Durante años, la cultura vitivinícola construyó un relato casi sacramental: a mayor precio, mayor calidad. Se nos enseñó a asociar el lujo con la excelencia, como si la complejidad fuera exclusiva de las botellas que duermen meses en roble francés nuevo, con uvas cosechadas a más de 1.500 metros de altura en el Valle de Uco o en los rincones extremos de la cordillera. Sin embargo, los experimentos sociales y las catas a ciegas sacudieron ese tablero una y otra vez. En una cata sin etiquetas, el cerebro humano desconecta del prestigio y conecta con sus propios gustos. Experiencias analizadas por publicaciones especializadas internacionales ponen sobre la mesa una verdad incómoda: muchos consumidores, e incluso autodenominados expertos, no logran distinguir sistemáticamente un vino económico de uno de alta gama basándose puramente en el sabor.
La ecuación detrás del precio
En nuestra vitivinicultura federal, el contraste es brutal. Tenemos desde vinos de entrada de gama hipertecnológicos, limpios y frutales que compiten en masividad, hasta grandes íconos de autor que buscan la perfección milimétrica. Entonces, ¿pagamos de más? No necesariamente. El precio de una botella en Argentina no es solo reflejo del líquido que contiene. Detrás de una etiqueta de alta gama hay una ecuación económica pesada: rendimientos por hectárea extremadamente bajos —donde la vid sufre en suelos pedregosos y entrega menos racimos pero con concentración brutal—, costos de mano de obra artesanal, selección rigurosa grano por grano, barricas que cuestan una fortuna, logística, y el peso indiscutible de la marca, el marketing y el posicionamiento global. Comprar un vino caro es, en gran medida, comprar una historia, una exclusividad y una apuesta a la guarda.
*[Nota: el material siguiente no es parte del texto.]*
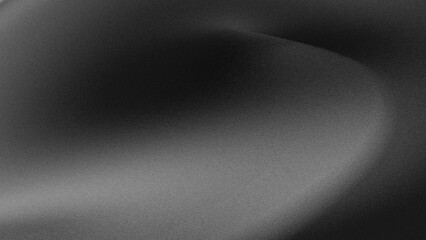 prestigious and premium abstract Black white background with a sharp grain noise texture and elegantly curved metal surfaces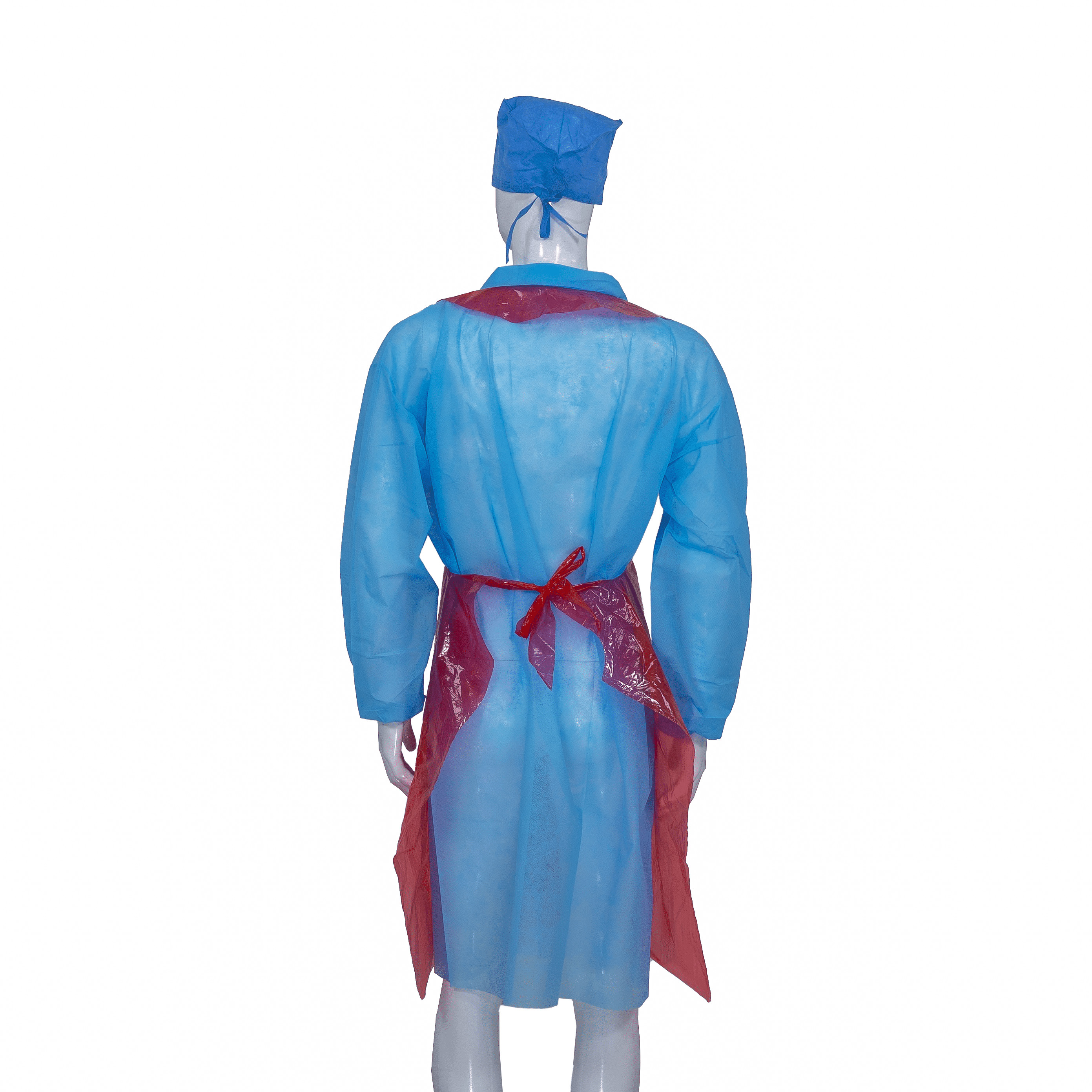 Disposable Kitchen Use PE Plastic Apron Waterproof Oil Proof Without Sleeves
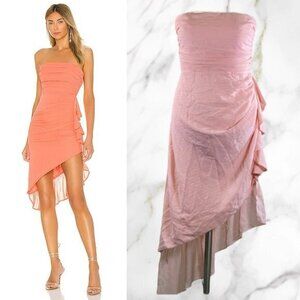 NBD Afton Midi Dress in Baby Pink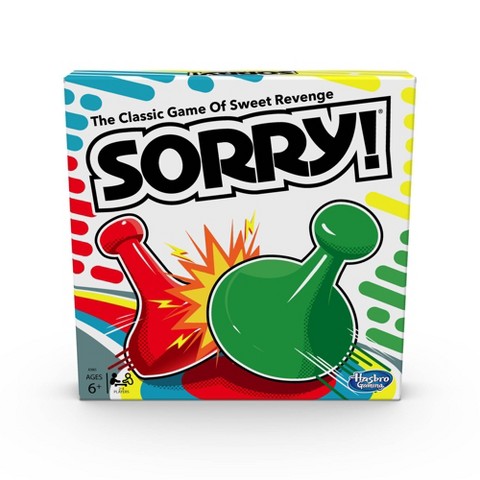 Детские игрушки Hasbro Gaming Classic Sorry! Board Game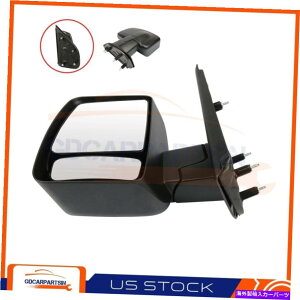 US~[ 2012-2013 NISSAN NV 1500}jAtH[hubNeNX`[~[hCo[ For 2012-2013 Nissan NV 1500 Manual Fold Black Textured Mirror Driver Left Side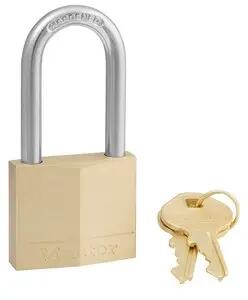 Sleutelhangslot met messing huis en middelgrote beugel, Goud, 7,6 x 4 x 1,3 cm 2/3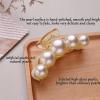 Hair Clips for Women,Large Pearl Hair Claw Clip Set Strong Hold No Slip, Banana Jaw Clip Barrettes,Hair Accessories Birthday Wedding Valentine's Day Gift for Girl Wife Styling Thick Thin (4 PCS) view 4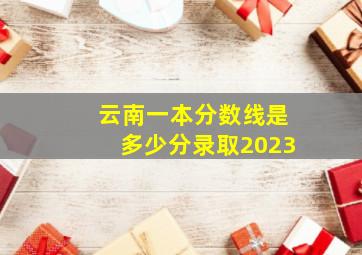 云南一本分数线是多少分录取2023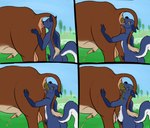 anthro anus balls blue_body blue_fur bodily_fluids brown_body brown_fur butt cum cum_inside cum_on_balls duo eating_feces ejaculation enjoying_feces farm feces feces_in_ass feces_in_mouth feces_on_belly feces_on_body feces_on_ear feces_on_face feces_on_shoulder feces_pile fence feral fur genital_fluids genitals grass grass_field inflation living_toilet male male/male masturbation nude nude_anthro nude_feral nude_male path peeing penile penile_masturbation penis plant pooping scat_inflation scatplay swallowing swallowing_feces_whole tail tree yellow_sclera refe2 xyi vyse_(psychowolvesbane) bovid bovine canid canine canis cattle mammal wolf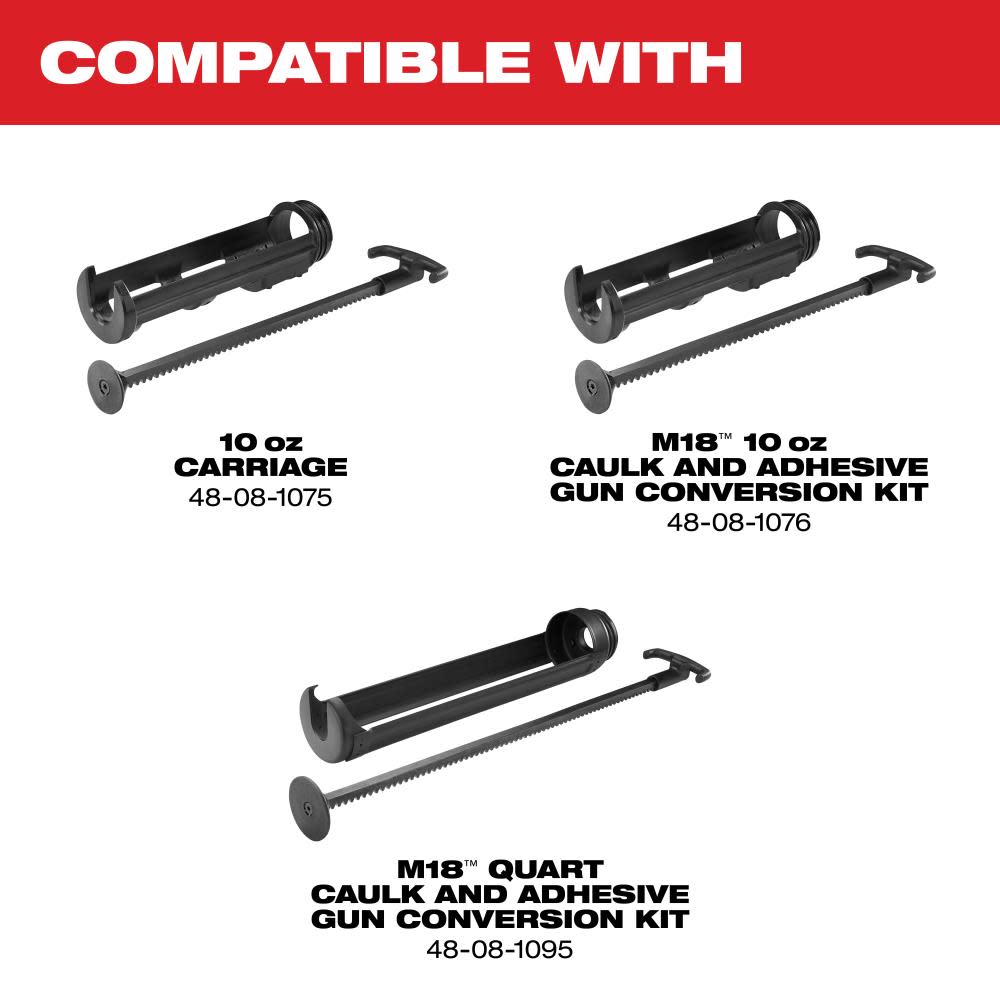 Milwaukee M18 Cordless 10 oz Caulk and Adhesive Gun (Bare Tool) - Flockneti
El vino correcto en el momento correcto
El verdadero dilema no pasa por determinar si el billete define la excelencia, sino por entender qué buscamos en cada momento. Un vino caro suele ofrecer capas, evolución en la copa, textura y una narrativa sensorial que un vino masivo jamás tendrá. Pero un vino barato, bien hecho y honesto, puede ganarle por knock-out a cualquier etiqueta de lujo si la ocasión pide frescura, simpleza y disfrute inmediato.
Al final del día, el mejor vino no es el que figura en las listas de los más caros del mundo ni el que ostenta el puntaje más alto de la crítica internacional. El mejor vino es el que se abre en el momento indicado, con la compañía perfecta y que deja en quien lo bebe el deseo imperioso de servir otra copa.